L'intervention du président de la République ne les aura pas rassurés, notamment lorsqu'il a évacué l'idée d'instaurer la proportionnelle en expliquant que «la crise démocratique ne répond pas simplement à une obligation de changer un scrutin». Exit cette vieille revendication des écolos. Pas de quoi les faire revenir au gouvernement, même avec la perspective du sommet sur le climat à Paris à la fin de l'année. Comme pour marquer la rupture définitive avec eux, Ségolène Royal a acté le report à 2018 de la fermeture de la centrale nucléaire de Fessenheim.
Bref, avec les Verts, tous les voyants sont au rouge. Comme avec les communistes d'ailleurs qui se sont inquiétés du chantier à venir sur le Code du travail. «Il avance peut-être à pas feutrés mais dans une direction qui est très claire, qui est une nouvelle vague de déréglementation sociale, s'est agacé Pierre Laurent, secrétaire national du PCF. On va entamer, si on laisse faire le gouvernement, le détricotage des garanties sociales du Code du travail.»
Même au sein du propre parti de François Hollande, on partage les critiques sur sa ligne politique et le désarroi qu'elle provoque dans l'électorat de gauche.
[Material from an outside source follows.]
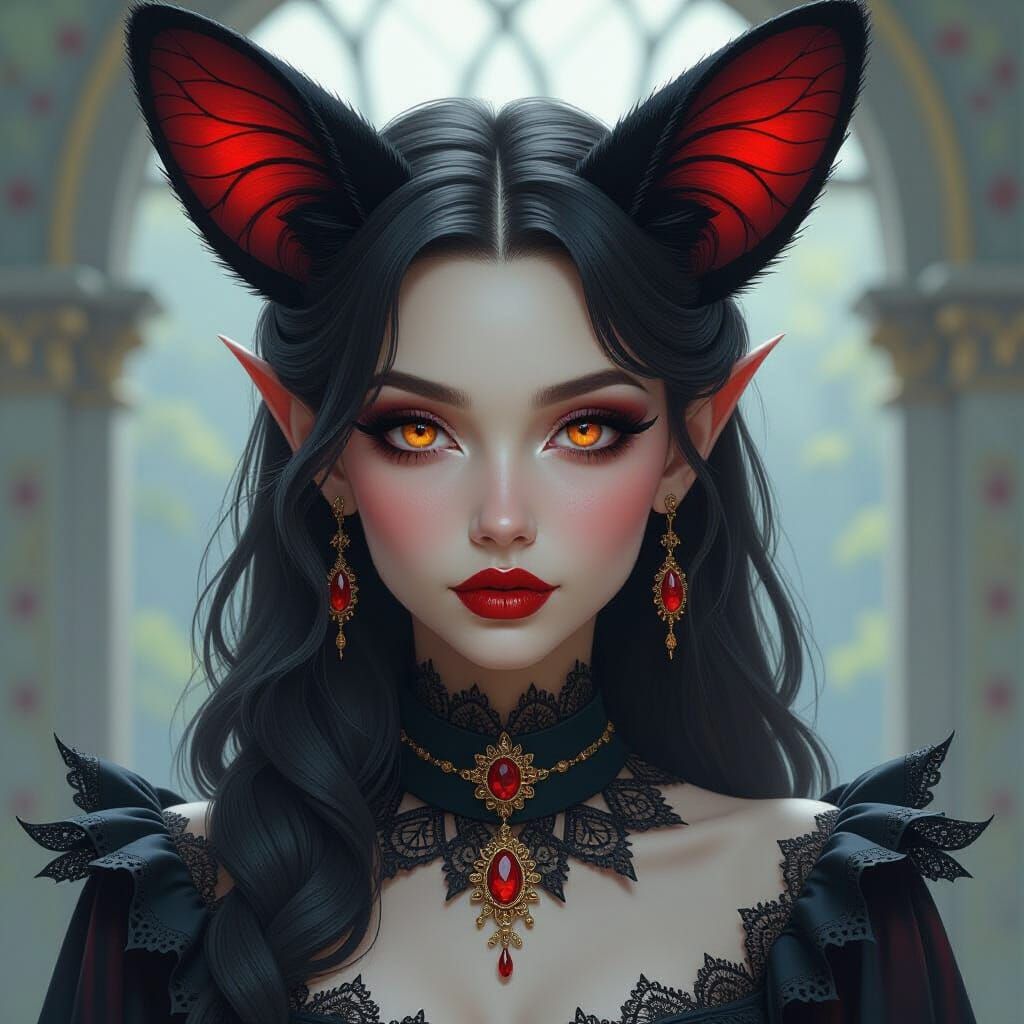 Hybrid Vampire Creature in Ornate Gothic Style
Chef de file de l'aile gauche du PS, Christian Paul revisite la maxime énoncée lundi par le chef de l'État. «La déception, c'est la disparition», pointe-t-il pour demander à François Hollande de tenir compte de ses revendications lors de l'examen du budget 2016. Plus que jamais, cette «déception» des électeurs de gauche menace le PS. Si le parti semble avoir fait son deuil de réussir à présenter des listes d'union pour le premier tour des régionales, il concentre désormais toute son attention sur deux régions: Nord-Pas-de-Calais-Picardie et Provence-Alpes-Côte d'Azur. C'est là que le Front national menace de l'emporter. «Au Nord, il y a Calais ; au Sud, la Méditerranée, relève Christophe Borgel, secrétaire national du PS aux élections. Vous imaginez ce qui se passera sur la question des migrants si le FN gagne? On pourra toujours ergoter après le scrutin sur les causes de la division mais après, si on perd, il faudra vivre avec les conséquences.»
Rue de Solferino, on a en tout cas apprécié la mise en garde de François Hollande sur le risque de «disparition». On se montre en revanche moins disert sur sa ligne politique. Et l'on préfère penser qu'aux régionales, les électeurs se rappelleront que dans bien des endroits, socialistes, écologistes et communistes ont dirigé ensemble les régions pendant six ans. Bref, que le débat local l'emportera sur l'enjeu national. Pourtant, ce n'est quasiment jamais le cas.